Asri Mobin, Chang Pi-Chuan, Mier Juan Carlos, Sirén Jouni, Eskandar Parsa, Kolesnikov Alexey, Cook Daniel E, Brambrink Lucas, Hickey Glenn, Novak Adam M, Dorfman Lizzie, Webster Dale R, Carroll Andrew, Paten Benedict, Shafin Kishwar
UC Santa Cruz Genomics Institute, Santa Cruz, CA, USA.
Google Inc, Mountain View, CA, USA.
bioRxiv. 2025 Jun 6:2025.06.05.657102. doi: 10.1101/2025.06.05.657102.

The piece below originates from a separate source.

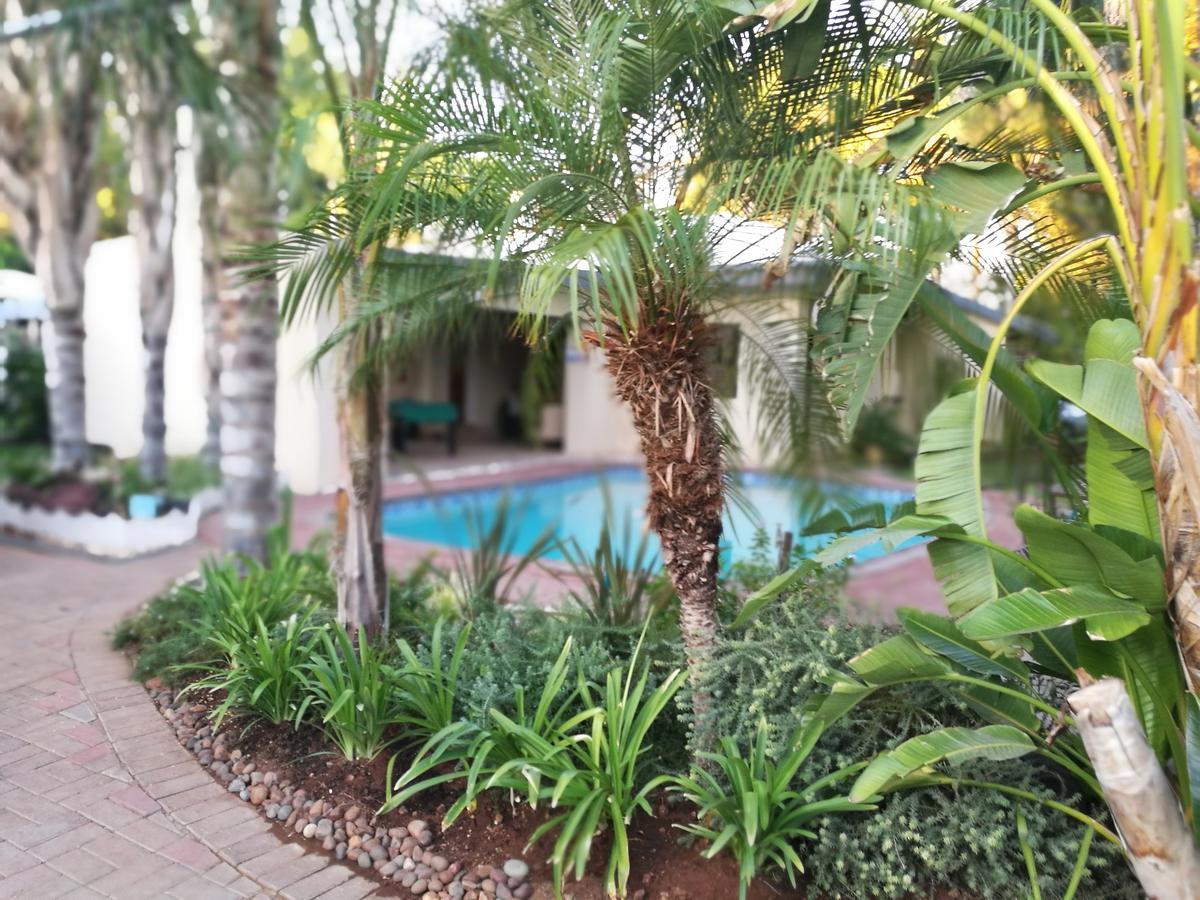 Be My Guest Upington Exterior foto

Population-scale genomics information provides valuable prior knowledge for various genomic analyses, especially variant calling. A notable example of such application is the human pangenome reference released by the Human Pangenome Reference Consortium, which has been shown to improve read mapping and structural variant genotyping. In this work, we introduce pangenome-aware DeepVariant, a variant caller that uses a pangenome reference alongside sample-specific read alignments. It generates pileup images of both reads and pangenome haplotypes near potential variants and uses a Convolutional Neural Network to infer genotypes. This approach allows directly using a pangenome for distinguishing true variant signals from sequencing or alignment noise. We assessed its performance on various short-read sequencing platforms and read mappers. Across all settings, pangenome-aware DeepVariant outperformed the linear-reference-based DeepVariant, reducing errors by up to 25.5%. We also show that Element reads with pangenome-aware DeepVariant can achieve 23.6% more accurate variant calling performance compared to existing methods.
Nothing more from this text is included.